Analysts are divided over whether the United States will press ahead with a punitive strike against the Syrian government for purportedly using chemical weapons against civilians on Aug. 21, in light of British lawmakers voting not to take part.

 

British Prime Minister David Cameron on Thursday said he accepted parliament’s vote after he lost his motion for a strike on Syria.

“The Americans don’t need the British in the military sense, but they need them politically,” Adel Darwish, political analyst and author of “The Edge of War,” told Al Arabiya.

While Cameron has a “royal prerogative” to launch a military strike without parliamentary approval, “the Iraq legacy” will stop him acting unilaterally, Darwish added.

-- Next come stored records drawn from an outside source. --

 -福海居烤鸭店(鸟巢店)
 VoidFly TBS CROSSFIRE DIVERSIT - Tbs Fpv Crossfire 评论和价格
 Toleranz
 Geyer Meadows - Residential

Cameron’s predecessor Tony Blair “misled parliament. When it discussed Syria and Bashr al-Assad, [late Iraqi President] Saddam Hussein’s name was mentioned five times,” making Cameron less likely to override the vote, Darwish said.

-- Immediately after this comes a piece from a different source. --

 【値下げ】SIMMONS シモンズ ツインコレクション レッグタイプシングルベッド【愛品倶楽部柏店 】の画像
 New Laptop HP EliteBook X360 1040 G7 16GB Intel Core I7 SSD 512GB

“The UK vote is a terrible blow for the coalition of the volunteers against Assad,” said Christian Mallard, France 3 TV’s senior foreign political analyst. “How is it going to be feasible to have the coalition without the British?”

Without British military involvement, “the coalition will weaken,” said Mallard, highlighting its vital role in operations against Libya’s late leader Muammar Qaddafi in 2011, and helping the French military combat al-Qaeda in northern Mali in 2013.

However, despite Britain being an important U.N. Security Council member and a political heavyweight, “the United States is capable of striking Syria on its own militarily,” said Paris-based political analyst Kamal Tarabey.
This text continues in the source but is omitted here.